この地上こそ、言葉でいいうるものの季節、その故郷だ。

美しさに打たれる。
肉体をこの地上でこそ授かった私たちは、言葉というものを手がかりにして世界をわたっている。私たちが見て、聞いて、心に留めようとするもの全ての故郷はここで、つまり、私たちの故郷はここだ。
文字と違って音楽や踊りは残らない。でも残らないことでかえって人の記憶やそれを見たときにその人が浮かび上がらせた何かが、残るものよりも長くそこにとどまるともいわれるが、通り過ぎたときに吹く風が、ときどきこころをさらってゆく。

つくる人は、本人にその意思さえあれば、実践なしに思考するものが時として罹患する観念論の病から自由でありえます。

この実践は恋愛も同じだと言うふうに16章の最後で小津夜景さんは言っていて、なるほどと思った。

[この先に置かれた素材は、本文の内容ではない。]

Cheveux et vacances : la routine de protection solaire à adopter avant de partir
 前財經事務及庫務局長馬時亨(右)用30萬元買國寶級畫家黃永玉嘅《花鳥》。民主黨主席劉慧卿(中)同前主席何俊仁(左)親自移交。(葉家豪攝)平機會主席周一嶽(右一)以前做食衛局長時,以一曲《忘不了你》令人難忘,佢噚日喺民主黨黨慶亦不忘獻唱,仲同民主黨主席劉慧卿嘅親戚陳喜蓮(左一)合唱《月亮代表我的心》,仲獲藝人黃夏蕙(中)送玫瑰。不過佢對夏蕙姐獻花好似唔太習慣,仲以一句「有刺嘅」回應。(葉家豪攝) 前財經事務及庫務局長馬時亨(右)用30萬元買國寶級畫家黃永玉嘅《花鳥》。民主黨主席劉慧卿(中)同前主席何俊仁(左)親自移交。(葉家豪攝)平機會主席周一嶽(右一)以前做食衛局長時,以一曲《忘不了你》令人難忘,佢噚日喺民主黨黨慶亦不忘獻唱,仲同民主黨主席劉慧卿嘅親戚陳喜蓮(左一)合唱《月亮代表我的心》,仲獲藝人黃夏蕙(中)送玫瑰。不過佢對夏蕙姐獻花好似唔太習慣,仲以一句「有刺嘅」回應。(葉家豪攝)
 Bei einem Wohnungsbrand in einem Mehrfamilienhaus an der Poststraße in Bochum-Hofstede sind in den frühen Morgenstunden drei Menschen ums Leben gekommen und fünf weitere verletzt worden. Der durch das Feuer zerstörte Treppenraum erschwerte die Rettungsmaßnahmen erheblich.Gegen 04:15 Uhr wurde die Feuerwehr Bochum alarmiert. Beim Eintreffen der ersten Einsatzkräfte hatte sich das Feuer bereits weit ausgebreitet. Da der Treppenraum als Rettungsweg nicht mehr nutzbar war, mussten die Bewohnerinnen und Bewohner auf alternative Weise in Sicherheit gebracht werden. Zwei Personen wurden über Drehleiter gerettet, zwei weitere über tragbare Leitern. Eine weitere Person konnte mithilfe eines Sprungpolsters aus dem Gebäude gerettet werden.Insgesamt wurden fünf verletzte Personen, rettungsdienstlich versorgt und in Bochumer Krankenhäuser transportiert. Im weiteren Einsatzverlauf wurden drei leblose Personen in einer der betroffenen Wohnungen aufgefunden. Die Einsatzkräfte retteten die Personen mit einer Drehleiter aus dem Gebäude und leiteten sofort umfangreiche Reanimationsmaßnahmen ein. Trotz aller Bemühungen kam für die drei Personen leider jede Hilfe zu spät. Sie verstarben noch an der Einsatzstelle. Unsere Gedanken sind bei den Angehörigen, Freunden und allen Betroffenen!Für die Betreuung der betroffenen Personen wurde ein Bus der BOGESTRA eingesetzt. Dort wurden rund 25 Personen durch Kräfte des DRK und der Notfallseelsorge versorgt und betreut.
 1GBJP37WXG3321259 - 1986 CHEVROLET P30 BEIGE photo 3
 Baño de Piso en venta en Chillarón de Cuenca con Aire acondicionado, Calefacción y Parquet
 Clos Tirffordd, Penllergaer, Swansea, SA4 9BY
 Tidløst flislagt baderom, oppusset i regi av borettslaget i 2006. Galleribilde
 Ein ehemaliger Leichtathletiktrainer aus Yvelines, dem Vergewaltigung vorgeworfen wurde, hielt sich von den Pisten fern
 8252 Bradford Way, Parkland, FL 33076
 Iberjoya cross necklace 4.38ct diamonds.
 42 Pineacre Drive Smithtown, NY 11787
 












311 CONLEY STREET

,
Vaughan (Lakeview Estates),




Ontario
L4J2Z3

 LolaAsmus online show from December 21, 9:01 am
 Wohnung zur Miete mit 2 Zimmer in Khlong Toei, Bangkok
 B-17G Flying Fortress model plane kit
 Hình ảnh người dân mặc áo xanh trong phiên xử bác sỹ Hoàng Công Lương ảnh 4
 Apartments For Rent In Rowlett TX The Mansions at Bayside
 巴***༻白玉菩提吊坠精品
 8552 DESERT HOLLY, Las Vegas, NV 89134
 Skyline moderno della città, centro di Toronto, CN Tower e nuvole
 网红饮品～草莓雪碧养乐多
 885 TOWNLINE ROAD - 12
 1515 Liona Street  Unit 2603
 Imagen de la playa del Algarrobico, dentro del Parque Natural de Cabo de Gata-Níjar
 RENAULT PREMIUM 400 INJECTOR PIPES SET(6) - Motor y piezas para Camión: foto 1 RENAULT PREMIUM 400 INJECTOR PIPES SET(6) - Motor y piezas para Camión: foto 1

どの手紙も味わいぶかいのだけれど半ばあたりから須藤さんが急に核心へとハンドルを切り「ものがたりのはじまり」で放たれたものに応えるようにその後のやりとりが濃密になってゆく。変化した風向きに、わたしもはぐれないように必死でのめり込む。
皮膚のその下が覗くようなやりとり。
私が特に好きだったのは「ものがたりのはじまり」「間の呼吸」「ふりだしにもどる」。
著者ふたりの、ことばというもの/音楽というものへの洞察に触れられる喜びとともに、自分の見えているものの限界、のようなものに思いを馳せる瞬間も多くて、どきどきした。

 

9月4日

しばらく思いを巡らせていたストレッチクラスの先行きのことをやっと決めた。
興味を持ってくれている人がいるのだから幸せなことで、どうやったらみなさんが気軽に楽しく参加できるかな?ということと、自分の生活のペースとのバランスの間のことを考えていた。
独りよがりになってはいけないけれど意味があると自分自身が思えないと続けられない、かといって無理もせずやってゆけることは大事、そのあたりに落ち着いた。
細かくクラスを分けることも考えたけれど、それはおいおい。

 

9月17日

アイスランドで知り合った方たちから、フィンランドで一緒に作品を作りませんかというお誘い。
彼らとクリエイションをするのは楽しいし、きっと良いものができるだろうという予感もあるのだけれど、旅費や滞在費のこと、それからその期間仕事ができないことを考えると今は難しいということになる。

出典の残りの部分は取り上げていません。